Unfortunately, merely making a statement like this does not make a project sustainable. A non-renewable resource is, by definition, not sustainable. The only way it could have some form of sustainability would be if royalties were substantial and/or invested into a renewable form of energy. Norway turns its oil into an opportunity for the future by having so far set aside $368 billion, since 1990, in its “heritage fund.” Alberta’s paltry fund, established 14 years earlier, only stands at $16 billion because of the minuscule one percent royalties the companies pay—and this only after their capital costs are paid off.
Compare this to the 78 percent of their profits that private oil companies must hand over to the Norwegian government, and it is easy to see why Canada is not heading for sustainability.
Shell has stretched the concept of sustainable development so much that it was rebuked earlier this year for “greenwash” by Britain’s Advertising Standards Authority (ASA), for a full-page ad it ran in the British newspaper The Financial Times. The ASA said the company should not have used the word “sustainable” for its controversial tar sands project and a second scheme to build North America’s biggest oil refinery. Both projects would lead to the emission of more greenhouse gases, the ASA said, ruling the ad had breached rules on substantiation, truthfulness and environmental claims.
Shell’s claim to the sustainability of the Klappan coal bed methane project is equally untruthful.
The Brundtland Commission’s 1987 report, that introduced the concept of sustainable development, defined the term as “development which meets the needs of the present generation without compromising the ability of future generations to meet their own needs.”
Here is a big problem: 60 percent of Canadian natural gas has to be exported to the USA (under proportionality clause 19 of NAFTA). Although Shell claims that the open energy market is unrestricted by quotas, and that there is no fixed percentage of Canada’s energy production required to be sold to the US, things are far worse than Shell makes it sound. Although not actually a “fixed” percentage, our current share of energy exports to the US must be maintained, even if Canadians experience shortages, and cannot go below the rate of export of the last 36 months.
As reported in Over a Barrel by Gordon Laxer and John Dillon, “Currently, Canada is obligated to make two-thirds of its domestic oil production and 60 percent of its current natural gas production available for export to the US.” There is also nothing to prevent that proportion from going higher. “Canada could be prevented from providing its own oil to its own citizens in an international oil shortage.”

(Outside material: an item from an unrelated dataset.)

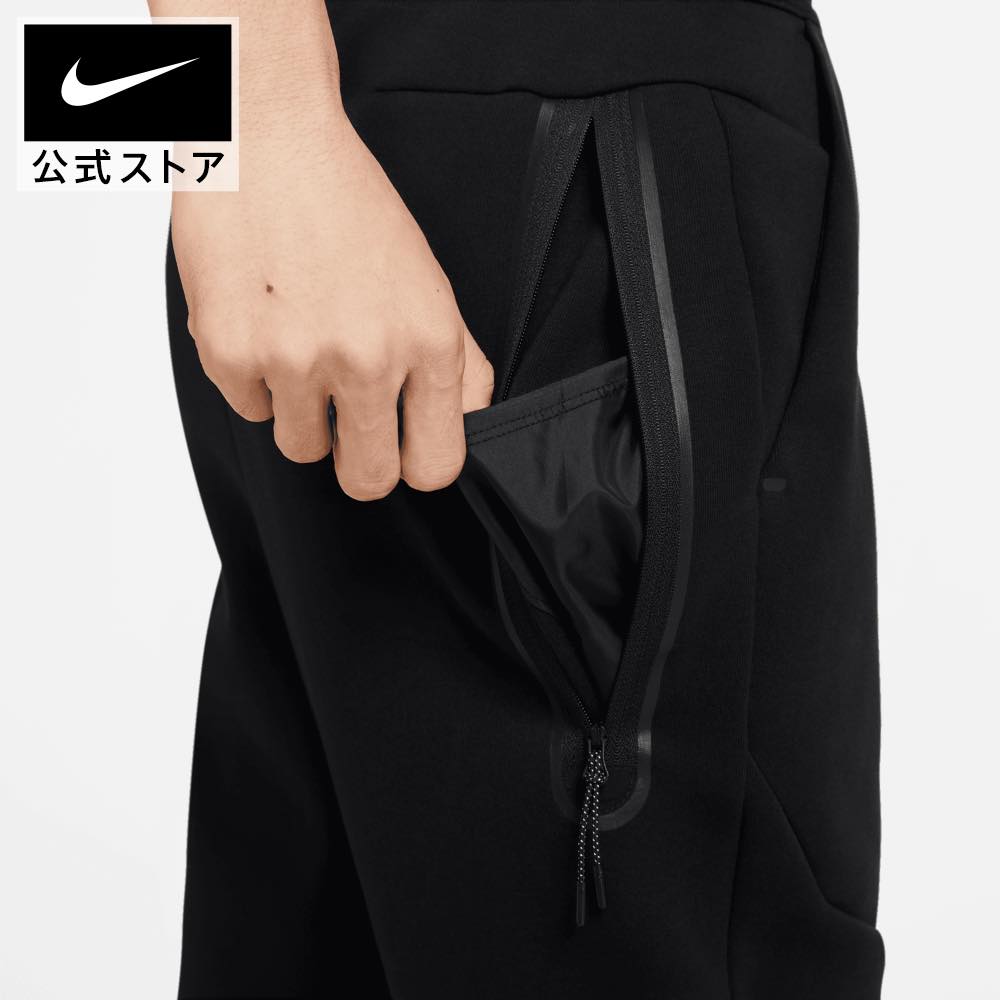 NIKE ナイキテックフリース 限定カラー パンツのみ 楽天市場】【あす楽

By its failure to be able to provide for the present and future energy needs of Canadians, the Klappan coalbed methane project fails the sustainability test again.
Add to all this the facts that Canadian natural gas production peaked in 2002, and that enormous quantities of natural gas are used to extract oil from the tar sands (1200 cubic feet of natural gas are required for the extraction of just one barrel of oil), and the picture looks even bleaker.
Shell’s assurance that CBM extraction in the Klappan is a sustainable endeavour is indefensible. Further, the purported “free market” Shell would have us believe in could very possibly leave Canadians to freeze in the dark.